Source records:

----------------

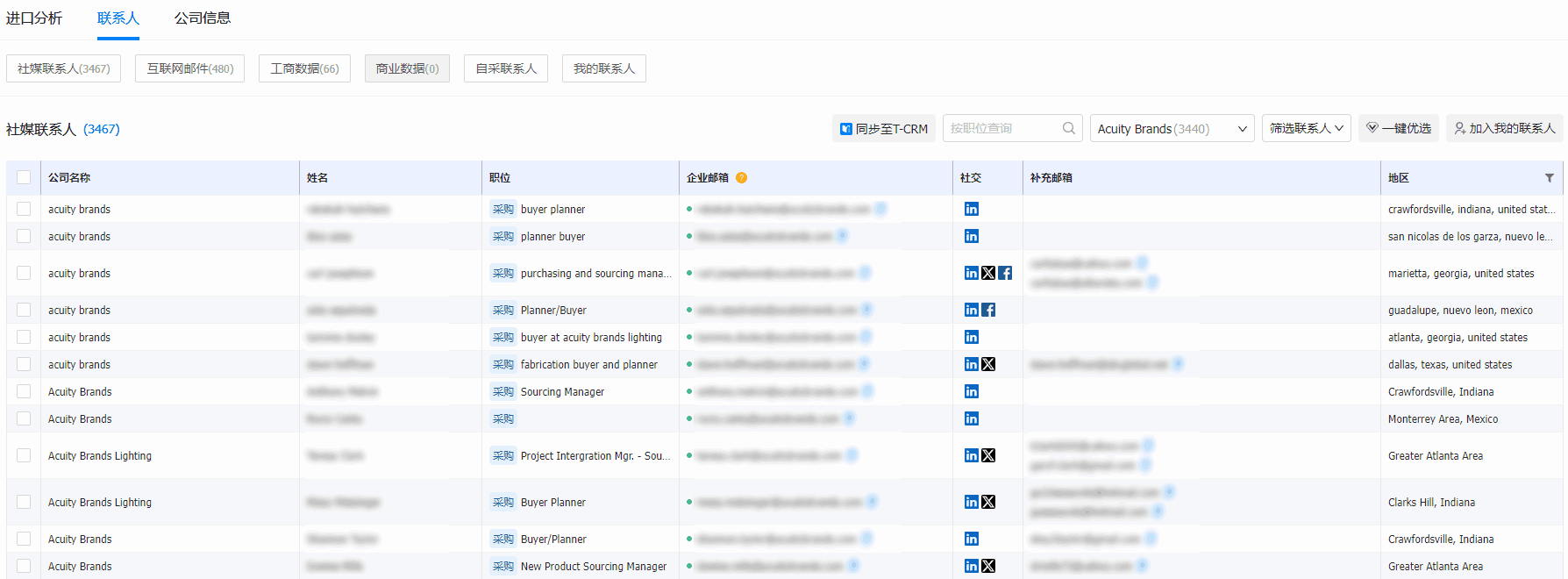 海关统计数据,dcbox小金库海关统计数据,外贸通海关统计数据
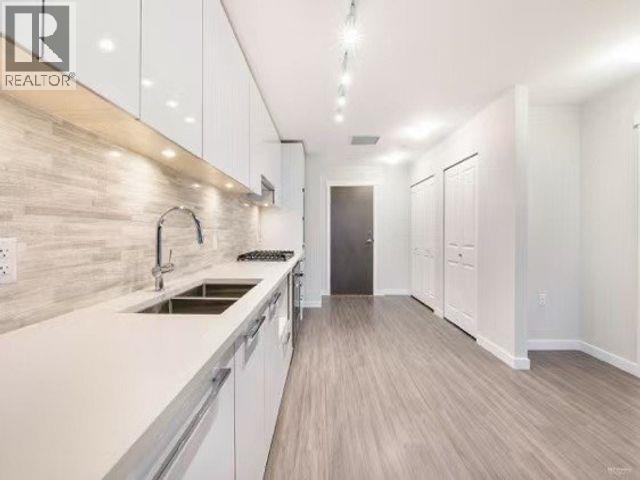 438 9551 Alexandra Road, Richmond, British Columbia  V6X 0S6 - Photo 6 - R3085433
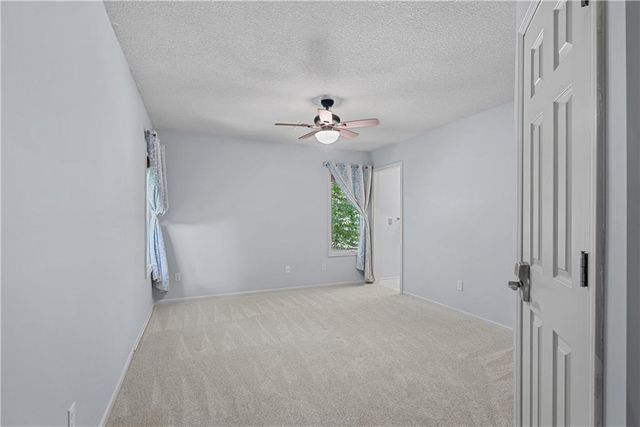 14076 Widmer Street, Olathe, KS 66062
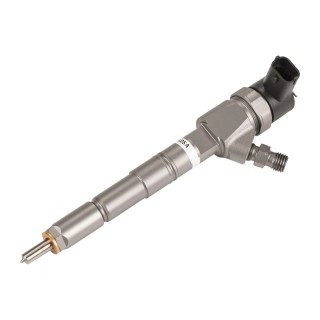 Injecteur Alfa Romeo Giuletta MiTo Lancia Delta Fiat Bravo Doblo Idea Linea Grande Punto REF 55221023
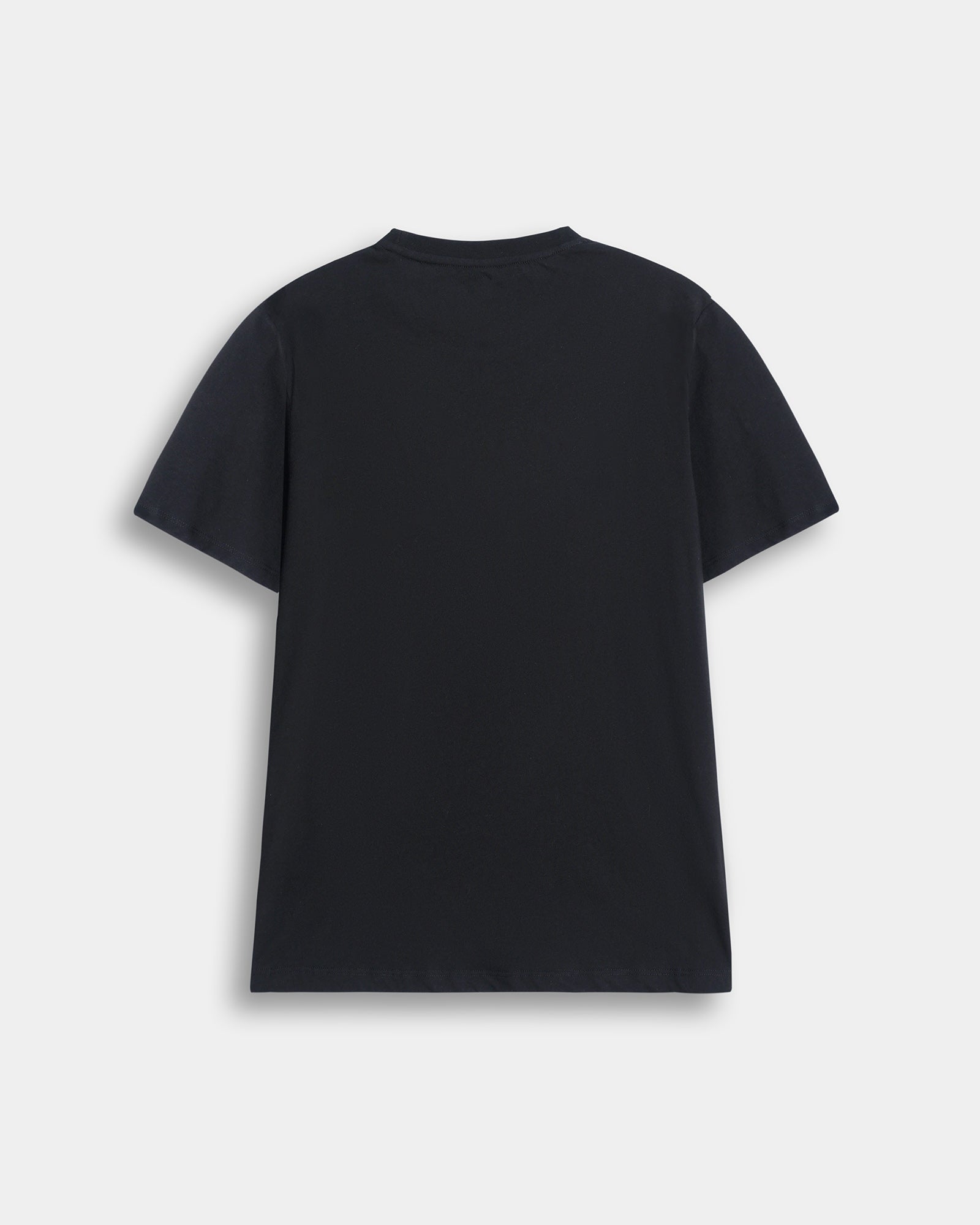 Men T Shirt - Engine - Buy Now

----------------

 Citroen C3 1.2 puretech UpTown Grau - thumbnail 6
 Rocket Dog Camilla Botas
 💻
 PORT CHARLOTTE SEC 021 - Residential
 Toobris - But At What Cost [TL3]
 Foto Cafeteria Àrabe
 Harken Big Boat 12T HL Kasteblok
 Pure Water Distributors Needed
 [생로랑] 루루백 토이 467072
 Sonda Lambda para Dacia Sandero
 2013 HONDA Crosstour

----------------

#### Activity
From the records above, retype only the lines starting at the line that contains "Toobris - But At What Cost [TL3]" and ending at the line that contains "2013 HONDA Crosstour", both included.

#### Result
 Toobris - But At What Cost [TL3]
 Foto Cafeteria Àrabe
 Harken Big Boat 12T HL Kasteblok
 Pure Water Distributors Needed
 [생로랑] 루루백 토이 467072
 Sonda Lambda para Dacia Sandero
 2013 HONDA Crosstour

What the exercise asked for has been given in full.